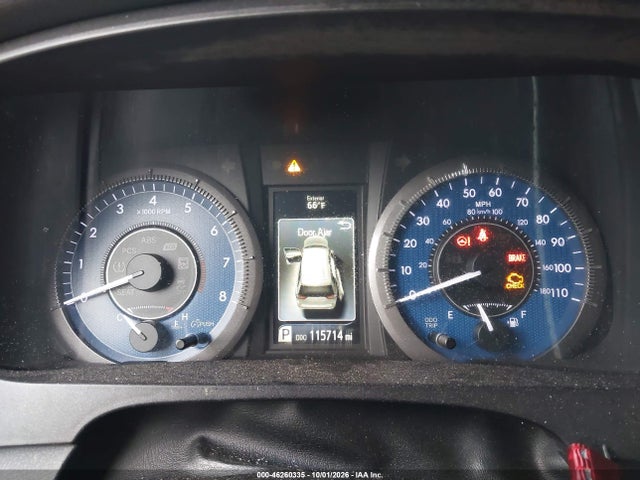 46260335 :رقم المزاد ، 5TDDZ3DC4HS180640 vin ، 2017 Toyota Sienna Limited Premium 7 Passenger مزاد بيع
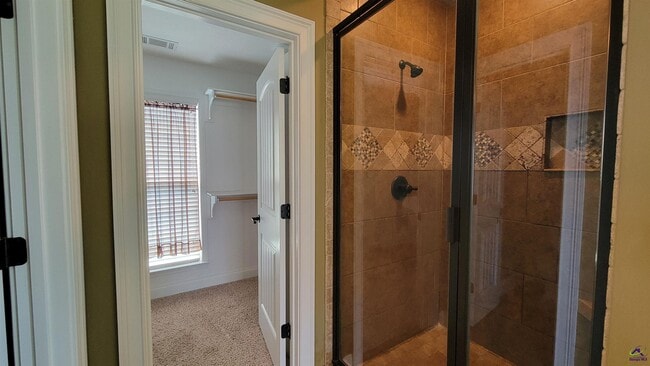 Building Photo - 105 Fortune Way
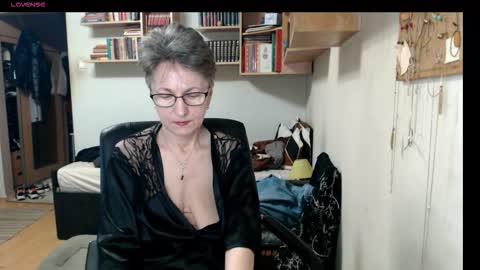 Snapshot of maturekate chatting on 18, 10, 2025 maturekate online show from 18, 10, 2025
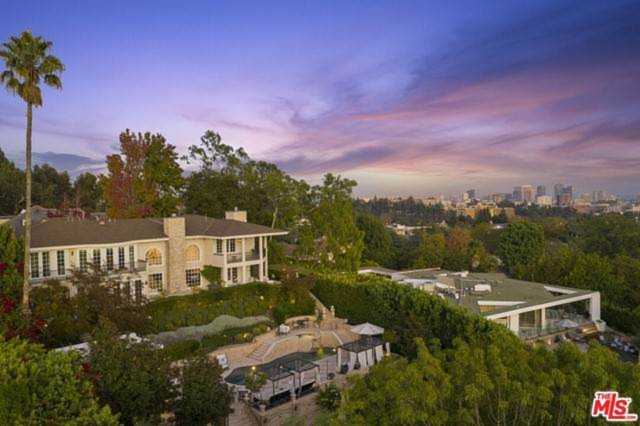 161 Ashdale Place Los Angeles, CA 90049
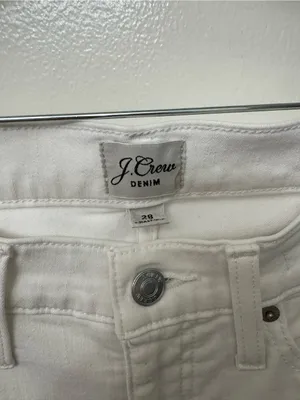 EUC J.Crew White 9" Mid-Rise Demi-Boot Crop Jean thumbnail 5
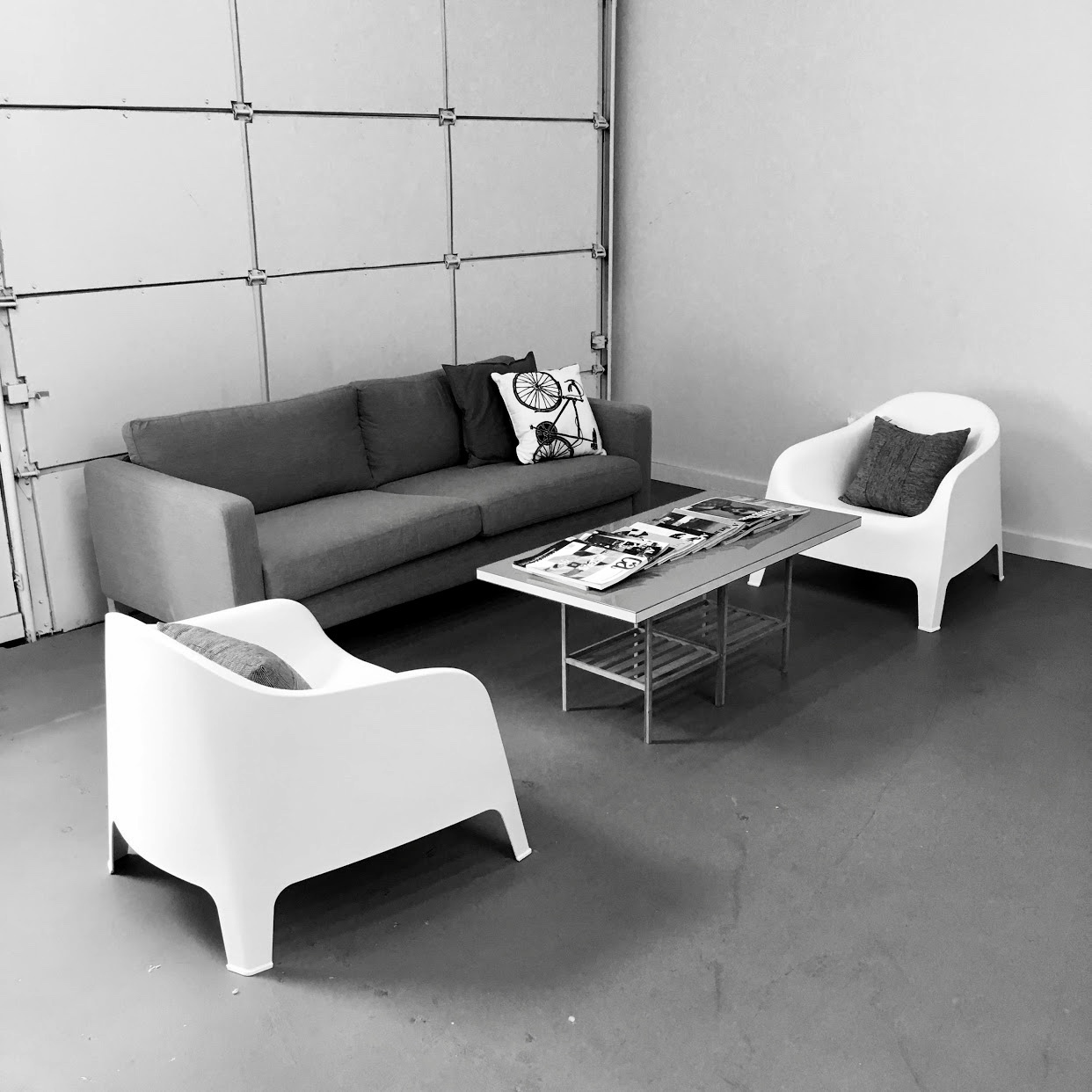 Creative work & meeting space. Creative work & meeting space.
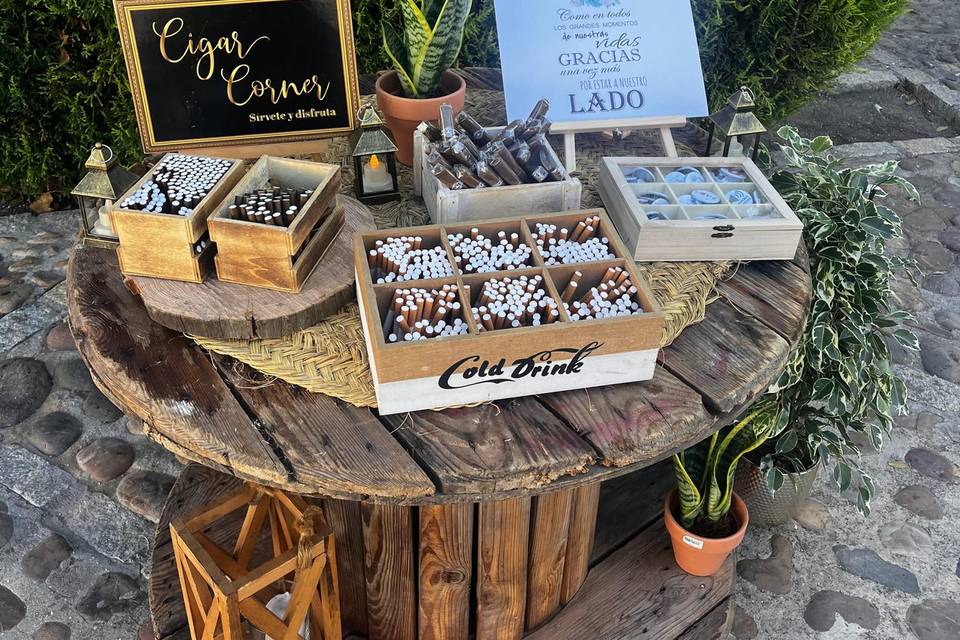 Mesa puros y cigarros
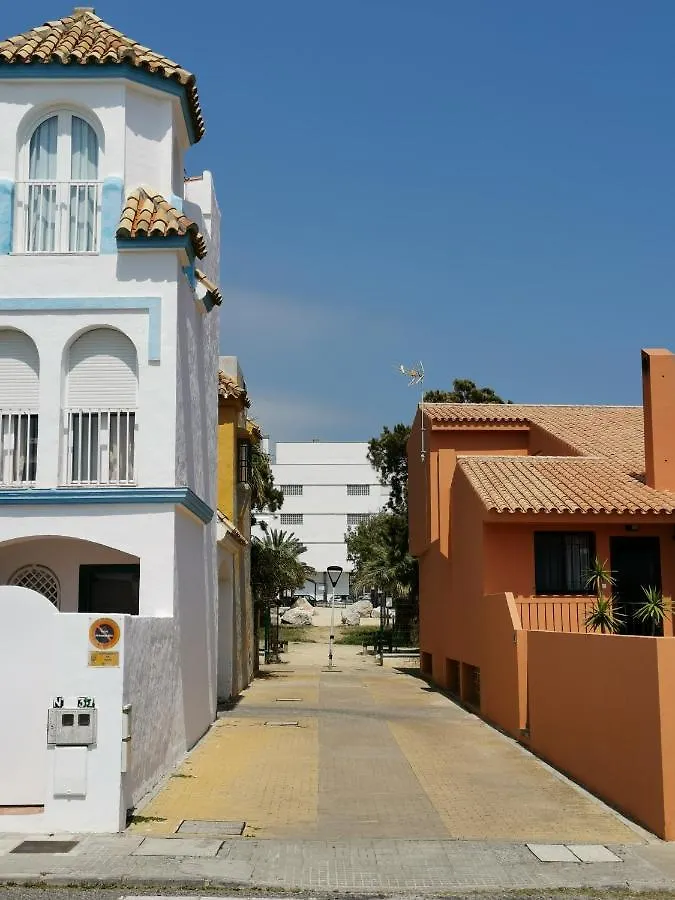 Casa Adosada Con Jardin Tarifa 0*,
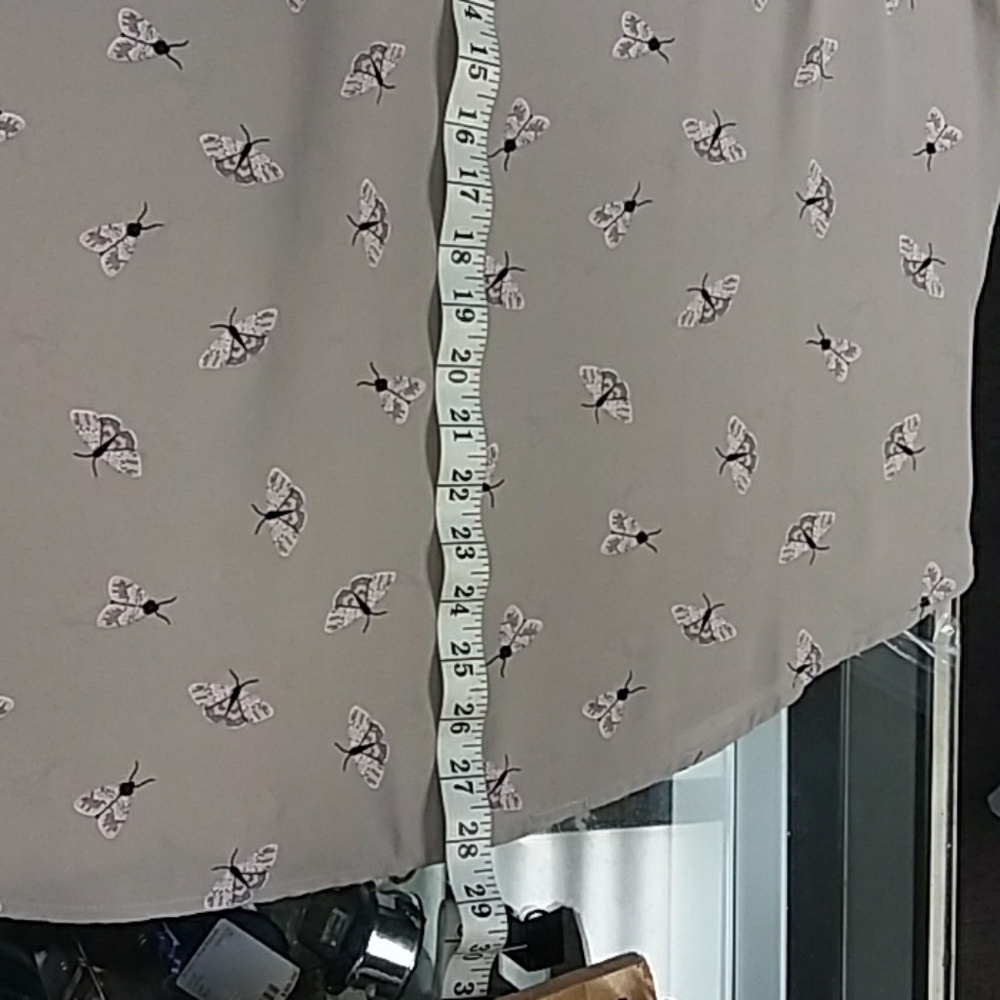 Torrid sz 1x NEW Shirt with butterflies - Picture 3 of 3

* [WORK ITEM]
Leaving out only the pictures, reproduce the listing exactly.

* [YOUR SOLUTION]
 46260335 :رقم المزاد ، 5TDDZ3DC4HS180640 vin ، 2017 Toyota Sienna Limited Premium 7 Passenger مزاد بيع
 Building Photo - 105 Fortune Way
 Snapshot of maturekate chatting on 18, 10, 2025 maturekate online show from 18, 10, 2025
 161 Ashdale Place Los Angeles, CA 90049
 EUC J.Crew White 9" Mid-Rise Demi-Boot Crop Jean thumbnail 5
 Creative work & meeting space. Creative work & meeting space.
 Mesa puros y cigarros
 Casa Adosada Con Jardin Tarifa 0*,
 Torrid sz 1x NEW Shirt with butterflies - Picture 3 of 3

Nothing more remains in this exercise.